Your goal
Please transcribe the entries below without changing a single character.

[Stored data]

★ ★ ★

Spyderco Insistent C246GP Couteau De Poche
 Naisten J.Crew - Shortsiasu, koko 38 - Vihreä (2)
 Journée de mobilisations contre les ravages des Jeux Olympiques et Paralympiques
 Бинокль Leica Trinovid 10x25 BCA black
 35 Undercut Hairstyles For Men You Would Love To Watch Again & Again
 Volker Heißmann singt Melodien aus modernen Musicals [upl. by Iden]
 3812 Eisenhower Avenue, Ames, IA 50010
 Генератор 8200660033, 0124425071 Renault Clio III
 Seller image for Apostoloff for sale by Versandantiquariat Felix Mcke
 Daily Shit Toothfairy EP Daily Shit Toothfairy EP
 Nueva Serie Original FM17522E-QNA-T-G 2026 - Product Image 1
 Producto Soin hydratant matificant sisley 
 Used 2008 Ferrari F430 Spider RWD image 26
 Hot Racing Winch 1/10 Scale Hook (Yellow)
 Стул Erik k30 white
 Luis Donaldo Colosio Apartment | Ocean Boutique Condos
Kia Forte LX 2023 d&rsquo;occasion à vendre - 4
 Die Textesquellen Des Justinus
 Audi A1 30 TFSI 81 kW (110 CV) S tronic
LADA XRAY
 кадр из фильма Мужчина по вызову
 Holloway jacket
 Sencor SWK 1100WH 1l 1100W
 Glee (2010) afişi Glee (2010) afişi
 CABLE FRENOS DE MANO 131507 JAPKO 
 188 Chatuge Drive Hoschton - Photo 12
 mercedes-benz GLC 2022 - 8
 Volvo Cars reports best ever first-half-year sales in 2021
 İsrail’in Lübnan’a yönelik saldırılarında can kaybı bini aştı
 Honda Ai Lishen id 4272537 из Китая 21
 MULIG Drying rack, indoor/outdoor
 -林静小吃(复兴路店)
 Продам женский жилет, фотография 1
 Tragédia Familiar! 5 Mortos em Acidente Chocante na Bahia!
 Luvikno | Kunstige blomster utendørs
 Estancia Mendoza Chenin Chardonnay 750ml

★ ★ ★

Output
Spyderco Insistent C246GP Couteau De Poche
 Naisten J.Crew - Shortsiasu, koko 38 - Vihreä (2)
 Journée de mobilisations contre les ravages des Jeux Olympiques et Paralympiques
 Бинокль Leica Trinovid 10x25 BCA black
 35 Undercut Hairstyles For Men You Would Love To Watch Again & Again
 Volker Heißmann singt Melodien aus modernen Musicals [upl. by Iden]
 3812 Eisenhower Avenue, Ames, IA 50010
 Генератор 8200660033, 0124425071 Renault Clio III
 Seller image for Apostoloff for sale by Versandantiquariat Felix Mcke
 Daily Shit Toothfairy EP Daily Shit Toothfairy EP
 Nueva Serie Original FM17522E-QNA-T-G 2026 - Product Image 1
 Producto Soin hydratant matificant sisley 
 Used 2008 Ferrari F430 Spider RWD image 26
 Hot Racing Winch 1/10 Scale Hook (Yellow)
 Стул Erik k30 white
 Luis Donaldo Colosio Apartment | Ocean Boutique Condos
Kia Forte LX 2023 d&rsquo;occasion à vendre - 4
 Die Textesquellen Des Justinus
 Audi A1 30 TFSI 81 kW (110 CV) S tronic
LADA XRAY
 кадр из фильма Мужчина по вызову
 Holloway jacket
 Sencor SWK 1100WH 1l 1100W
 Glee (2010) afişi Glee (2010) afişi
 CABLE FRENOS DE MANO 131507 JAPKO 
 188 Chatuge Drive Hoschton - Photo 12
 mercedes-benz GLC 2022 - 8
 Volvo Cars reports best ever first-half-year sales in 2021
 İsrail’in Lübnan’a yönelik saldırılarında can kaybı bini aştı
 Honda Ai Lishen id 4272537 из Китая 21
 MULIG Drying rack, indoor/outdoor
 -林静小吃(复兴路店)
 Продам женский жилет, фотография 1
 Tragédia Familiar! 5 Mortos em Acidente Chocante na Bahia!
 Luvikno | Kunstige blomster utendørs
 Estancia Mendoza Chenin Chardonnay 750ml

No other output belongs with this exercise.